(Caption-style text data)
┄┄┄┄┄┄┄┄┄┄┄┄┄┄┄┄┄┄┄┄
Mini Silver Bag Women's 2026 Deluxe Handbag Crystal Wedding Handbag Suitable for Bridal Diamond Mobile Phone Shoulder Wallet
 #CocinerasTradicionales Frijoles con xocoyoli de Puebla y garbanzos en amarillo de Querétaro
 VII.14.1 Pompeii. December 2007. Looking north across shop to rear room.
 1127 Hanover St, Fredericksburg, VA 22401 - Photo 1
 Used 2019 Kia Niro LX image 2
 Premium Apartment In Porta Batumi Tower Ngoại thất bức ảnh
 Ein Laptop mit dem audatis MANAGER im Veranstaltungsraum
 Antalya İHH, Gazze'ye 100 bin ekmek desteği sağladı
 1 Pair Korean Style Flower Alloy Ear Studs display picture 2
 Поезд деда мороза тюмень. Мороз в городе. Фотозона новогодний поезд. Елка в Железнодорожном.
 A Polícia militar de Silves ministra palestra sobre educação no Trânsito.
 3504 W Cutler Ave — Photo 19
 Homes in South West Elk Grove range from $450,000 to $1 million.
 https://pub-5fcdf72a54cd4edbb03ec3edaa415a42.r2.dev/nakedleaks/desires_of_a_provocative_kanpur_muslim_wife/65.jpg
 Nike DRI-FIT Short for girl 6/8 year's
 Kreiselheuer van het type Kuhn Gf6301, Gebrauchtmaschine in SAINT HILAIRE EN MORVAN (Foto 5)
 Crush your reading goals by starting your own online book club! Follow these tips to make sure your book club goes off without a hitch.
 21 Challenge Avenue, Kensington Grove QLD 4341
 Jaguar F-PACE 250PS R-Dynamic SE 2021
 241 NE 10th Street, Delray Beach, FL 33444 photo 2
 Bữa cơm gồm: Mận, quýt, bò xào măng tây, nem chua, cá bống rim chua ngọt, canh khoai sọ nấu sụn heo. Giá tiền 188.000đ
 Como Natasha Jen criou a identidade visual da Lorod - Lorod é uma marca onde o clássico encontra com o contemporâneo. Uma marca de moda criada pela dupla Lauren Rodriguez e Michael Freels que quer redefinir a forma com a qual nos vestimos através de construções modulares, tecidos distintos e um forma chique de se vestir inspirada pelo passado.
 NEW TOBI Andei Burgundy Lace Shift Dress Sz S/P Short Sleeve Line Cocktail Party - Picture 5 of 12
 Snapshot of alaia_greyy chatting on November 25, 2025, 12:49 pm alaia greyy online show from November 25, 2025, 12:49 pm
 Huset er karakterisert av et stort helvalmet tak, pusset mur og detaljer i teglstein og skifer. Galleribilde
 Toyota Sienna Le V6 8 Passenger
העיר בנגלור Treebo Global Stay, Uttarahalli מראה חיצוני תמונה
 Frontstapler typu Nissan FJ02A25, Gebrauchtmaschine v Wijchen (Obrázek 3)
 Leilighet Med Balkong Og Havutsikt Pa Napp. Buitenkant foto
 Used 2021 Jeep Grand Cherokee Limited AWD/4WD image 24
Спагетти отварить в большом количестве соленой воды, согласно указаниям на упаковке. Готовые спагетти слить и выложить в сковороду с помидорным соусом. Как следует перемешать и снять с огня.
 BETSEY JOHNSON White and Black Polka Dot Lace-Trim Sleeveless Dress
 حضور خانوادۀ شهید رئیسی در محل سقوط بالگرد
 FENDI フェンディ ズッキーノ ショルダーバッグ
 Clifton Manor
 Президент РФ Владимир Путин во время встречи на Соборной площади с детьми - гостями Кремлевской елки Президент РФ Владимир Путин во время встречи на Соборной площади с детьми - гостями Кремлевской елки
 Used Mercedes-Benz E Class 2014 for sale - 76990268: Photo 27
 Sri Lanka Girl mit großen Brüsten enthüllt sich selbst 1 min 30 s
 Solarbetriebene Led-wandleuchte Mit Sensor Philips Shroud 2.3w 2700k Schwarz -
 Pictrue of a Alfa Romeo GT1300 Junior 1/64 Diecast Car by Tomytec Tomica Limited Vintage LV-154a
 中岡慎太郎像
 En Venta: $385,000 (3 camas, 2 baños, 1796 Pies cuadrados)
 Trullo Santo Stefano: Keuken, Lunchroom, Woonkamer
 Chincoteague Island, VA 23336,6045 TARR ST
┄┄┄┄┄┄┄┄┄┄┄┄┄┄┄┄┄┄┄┄
- Activity: Return, exactly as they stand, the lines from the start of the records above through the line with "Antalya İHH, Gazze'ye", both ends included, and no other lines.

- Task result:
Mini Silver Bag Women's 2026 Deluxe Handbag Crystal Wedding Handbag Suitable for Bridal Diamond Mobile Phone Shoulder Wallet
 #CocinerasTradicionales Frijoles con xocoyoli de Puebla y garbanzos en amarillo de Querétaro
 VII.14.1 Pompeii. December 2007. Looking north across shop to rear room.
 1127 Hanover St, Fredericksburg, VA 22401 - Photo 1
 Used 2019 Kia Niro LX image 2
 Premium Apartment In Porta Batumi Tower Ngoại thất bức ảnh
 Ein Laptop mit dem audatis MANAGER im Veranstaltungsraum
 Antalya İHH, Gazze'ye 100 bin ekmek desteği sağladı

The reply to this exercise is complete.